For what its worth I bought a Giotto 8255-S2c (earlier model) to carry around Europe for 6 weeks. It worked fine with my 5dII and largest lens being the 70-200 2.8ii and I like the quality. The differentiator for me was the all up weight including the head. For your comparison may I suggest you add in the head weight and cost to the tripod only options.


----------



## curby (Apr 20, 2014)

Ok, it's between these two:

http://www.bhphotovideo.com/c/product/864571-REG/oben_ct_3581_be_126t_5_section_foldable_carbon.html

http://www.bhphotovideo.com/c/product/926478-REG/benro_c2350q2k_2_series_carbon_travel_tripod.html

They're very nearly twins, but the Oben has retractable spikes and includes a short center column, whereas the MeFoto is slightly lighter and smaller (folded).
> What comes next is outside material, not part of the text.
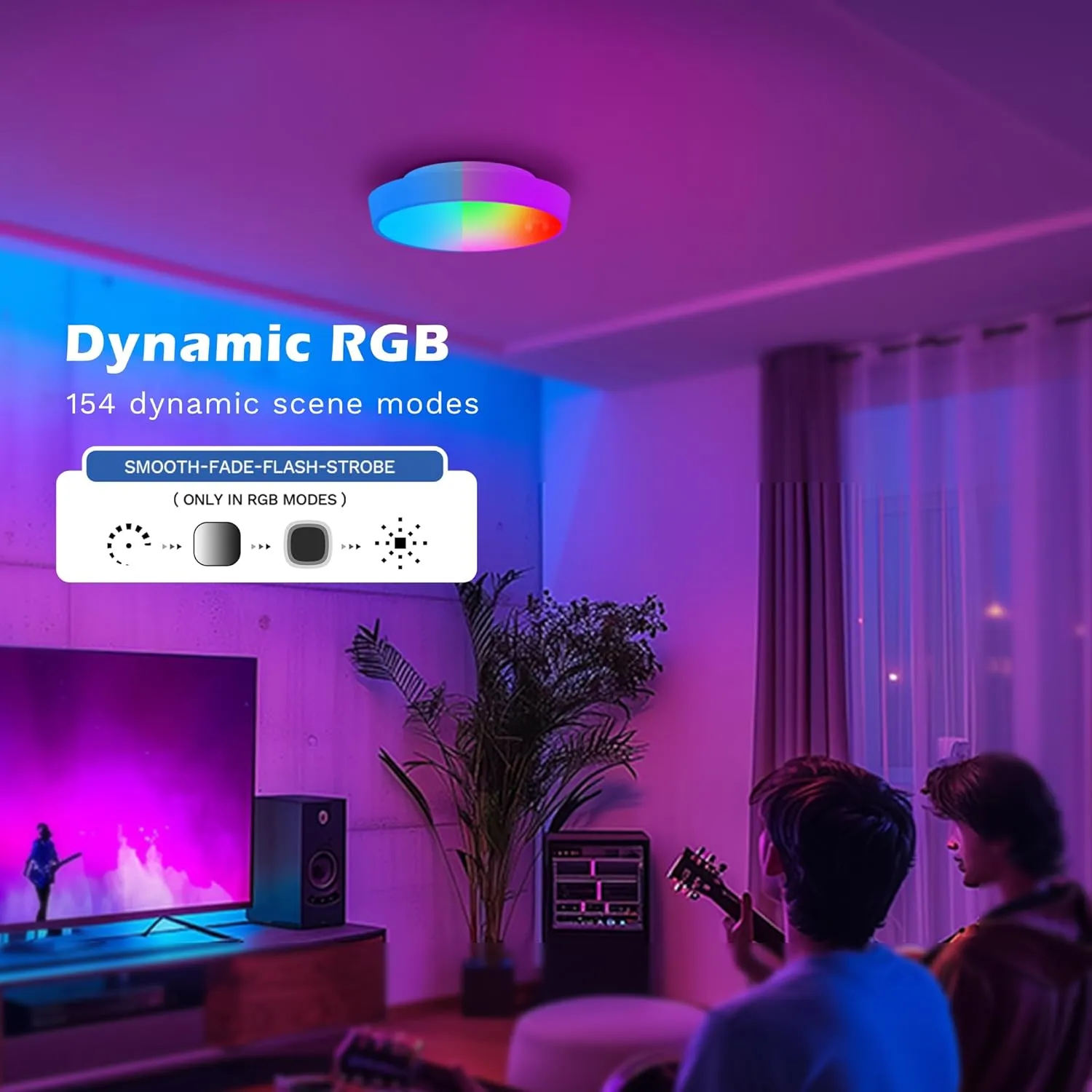 Motion Sensor Ceiling Light, Rechargeable Battery Powered Ceiling Light with 15 Color Temperatures, Motion Activated Closet Light with Magnetic Base for Shower Stairs Hallway Porch Garage Shed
I know the 5-segment design will be less stable, but I haven't been able to find a compelling 4-segment model in this price range, and this should help with the folded size.

Any thoughts on one over the other? Thanks again!


----------



## curby (Apr 25, 2014)

Alright, order is in ... for a Sirui N-2204X and K-20X head.

I decided to go 4-segment, not just for stability, but also for setup speed. I might not be able to unlock four adjacent locking collars with a single motion, but three should be fine. Also, it's three fewer collars when the segments are extended.

I decided to go with Sirui because I found this combo for $410 shipped, which is close enough to my budget for a complete system. Also, the K-20X is remarkably well-reviewed and well-liked for its price and size category. Many people buy the head by itself, so it isn't cheap "shovelware" added to tripods just to make them kits. I'll compare it to my Q10 and see how to pair things up.

The toggle-style leg angle locks seem easier to use than the pull-out/push-in locks used by many others. 

I'm not too thrilled with how the split column works (e.g. no hook when running short-column-only) and the exposed hook may be a snag hazard, but we'll see what happens. Thanks again for all the ideas!


----------